Systemic Lupus Erythematosus (SLE) is an episodic, multisystem autoimmune disease with complex pathogenesis and no known cure. Fatigue affects greater than 75% of people with SLE, more than half of which describe fatigue as their most disabling symptom. The aim of the research contained in this thesis was to add to the body of evidence related to fatigue in SLE. Understanding this debilitating symptom more thoroughly will enable clinicians to better meet the needs of patients with SLE.
After completing a thorough narrative literature review it became apparent that there were a number of potential contributing factors to fatigue in SLE that had been relatively unexplored. These included vitamin D deficiency, muscle strength and function and myocardial abnormalities.
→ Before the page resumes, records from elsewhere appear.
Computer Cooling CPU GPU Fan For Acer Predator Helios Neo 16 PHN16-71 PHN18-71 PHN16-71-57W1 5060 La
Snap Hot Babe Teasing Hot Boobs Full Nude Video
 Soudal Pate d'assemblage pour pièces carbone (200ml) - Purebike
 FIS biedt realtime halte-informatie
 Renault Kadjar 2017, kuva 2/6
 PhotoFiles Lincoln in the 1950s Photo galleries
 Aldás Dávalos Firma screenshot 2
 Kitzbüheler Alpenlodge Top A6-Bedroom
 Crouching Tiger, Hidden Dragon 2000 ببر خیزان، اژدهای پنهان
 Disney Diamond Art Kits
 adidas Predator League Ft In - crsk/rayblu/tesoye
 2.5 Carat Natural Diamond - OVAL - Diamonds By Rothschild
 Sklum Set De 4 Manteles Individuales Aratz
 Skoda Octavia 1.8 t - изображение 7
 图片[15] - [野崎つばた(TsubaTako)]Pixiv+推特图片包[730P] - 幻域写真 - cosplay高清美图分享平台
The specific topics addressed by the research contained in this thesis:
1. Systematically review the evidence regarding the effect of vitamin D supplementation on muscle strength, particularly in SLE
2. Evaluate the reliability of assessing muscle strength in SLE
3. Explore the relationship between muscle strength, vitamin D status and fatigue in women with SLE compared to healthy controls
4. Compare clinical presentation and health related quality of life in SLE in women with and without fatigue
5. Investigate myocardial abnormalities in SLE patients without clinical evidence of prior myocardial damage and explore the relationship between myocardial abnormalities, fatigue and physical function
Vitamin D in SLE has been the focus of numerous studies with the majority finding that a high percentage of patients are deficient. Recent studies have demonstrated a trend towards deficient vitamin D levels contributing to fatigue in SLE. One theory for this relationship is thought to be related to the effect of vitamin D on muscle. However, there is conflicting evidence as to whether 25(OH)D levels are directly related to muscle weakness. The systematic review (study one) included 17 randomised controlled trials with 5072 participants. None of the studies included participants with SLE. The results supported the well known fact that muscle strength is reduced in people with 25(OH)D levels less than 25nmol/L and that vitamin D supplementation improves strength in this population. Based on studies included in the systematic review, vitamin D supplementation does not have a significant effect on muscle strength in adults with baseline 25(OH)D greater than 25nmol/L.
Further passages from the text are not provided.